Initially, Mr Winters appeared to be progressing well, settling into the program and addressing all its requirements and making a good connection with his counsellor. He faced some challenges following the death of a close family member, but continued to progress.
He did admit, however, that in early June 2022 he was “having a hard time” with emotional issues, Post-Traumatic Stress Disorder and sleep concerns. He eventually admitted that he had used a prescription-only medicine, Pregabalin, though he had not been prescribed it.
On 15 June 2022, however, a search of his room was conducted because his roommate had been found with Pregabalin tablets, which, though prescribed to the roommate, that person was suspected of selling. The search located a chip packet and Mr Winters tried to prevent the employee of the facility conducting the search from taking the packet and looking inside it. He was unable to prevent this, however, and the packet was found to contain several rounds of live ammunition. Mr Winters asserted that he was holding them for someone else.
The facility contacted police and requested that the Court address the issue.
Mr Winters appeared in Court on 16 June 2022 and was remanded in custody for seven days, when the custodial part of the Treatment Order was provisionally cancelled under s 80ZB(1)(e) of the Sentencing Act. Mr Winters was directed to reflect on the incident and provide a reflection on how it happened.
He appeared again on 24 June 2022 and the Crown foreshadowed an application to cancel the Treatment Order. The proceedings were adjourned to 30 June 2022.
Following this, the Court was informed that Canberra Recovery Services indicated that they would not readmit Mr Winters. On 30 June 2022, the Court cancelled the Treatment Order. These are the reasons for doing so.
The application
As noted, the Crown applied for a cancellation of the Treatment Order to which Mr Winters was subject.
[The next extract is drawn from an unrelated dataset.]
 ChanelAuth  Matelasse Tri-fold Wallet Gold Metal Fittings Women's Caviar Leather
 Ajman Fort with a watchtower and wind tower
An application was sought on the following grounds:
(1) Mr Winters is unwilling or unlikely to comply with a condition of the offender’s Treatment Order: see s 80ZE(1)(c) of the Sentencing Act;
(2) The continuation of the treatment and supervision part of the Order is not likely to achieve the objects of the Order: see s 80ZE(1)(d) of the Sentencing Act; and
(3) Mr Winters poses an unacceptable risk to the safety or welfare of a person: see s 80ZE(1)(f) of the Sentencing Act.
The Court considered such applications in R v Tonna (No 2) [2022] ACTSC 362 at [34]–[39]. The approach to such applications has been set out helpfully in R v Massey (No 4) [2021] ACTSC 211 at [19]–[21] as follows:
19. The approach to the application is as follows. One ground is sufficient to require the Court to consider cancelling the Treatment Order, but each ground should be considered. A ground must be proved on the balance of probabilities. Even if one ground is, or more, or all, of the grounds are, made out, the Court is not obliged to cancel the Treatment Order and retains a discretion. The Court should also consider whether it is appropriate to review the Treatment Order under s 80ZH of the Sentencing Act at the same time and, in particular, to decide whether an appropriate amendment to the Order under s 80ZH(4) of the Sentencing Act can be made that would adequately address the unsatisfactory circumstances.
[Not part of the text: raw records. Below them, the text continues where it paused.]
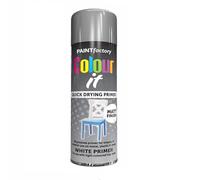 SuperGift.com White Primer All Purpose Aerosol Spray Paint 250ml Quick Drying Spray, Fast Dry and Excellent Coverage for Metal, Wood, Plastic and More by Diva Gift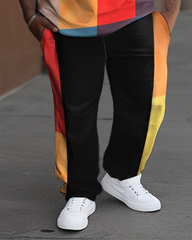Men's Plus Size Casual Geometric Letter Print T-Shirt Trousers Set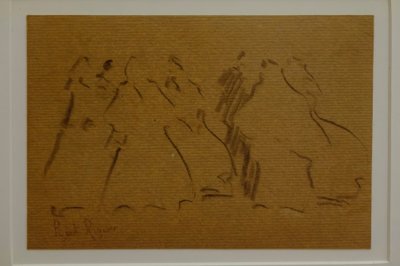 luonnos naishahmoista, Narcís Puget Riquer, hiilipiirros, Puget-museo, Can LLaudisin aatelistalo, Dalt Vila, Ibiza, Baleaarit, Espanja tekijältä Puget Riquer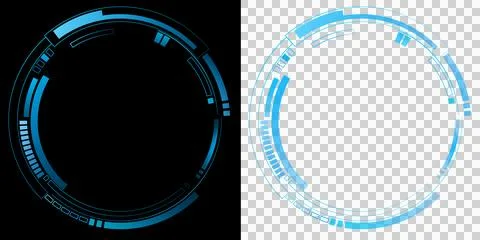 HUD Futuristic Circular Interface Ring Technology User Display Element Design 库存插图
20. Even if there is an appropriate amendment that could be made, such as admission to another residential drug rehabilitation facility, there may not be the resources available to give effect to the amendment and s 80S(c) of the Sentencing Act would justify a cancellation of the Treatment Order in that case: R v Tonna (No 2) at [70]-[73].
21. At the end of this consideration, the Court retains a discretion whether to cancel the Treatment Order. That a participant has performed unsatisfactorily does not mean that this behaviour will necessarily continue. Thus, where the grounds have been made out, but there is still some reasonable hope, based on a rational assessment of the situation, that the offender will rehabilitate, the Court may decline to cancel the Treatment Order and give the participant a further chance to complete it. Such further chances, however, must be based on a careful analysis of the facts and circumstances: see R v Tonna (No 2) at [36]-[39]; [70]-[73], R v Crawford (No 3) [2020] ACTSC 369 at [27]-[29]. In the absence of such a basis for continuation, it is almost inevitable that the Treatment Order will be cancelled: see R v Crawford (No 4) [2021] ACTSC 209. This is the approach I shall take to the application.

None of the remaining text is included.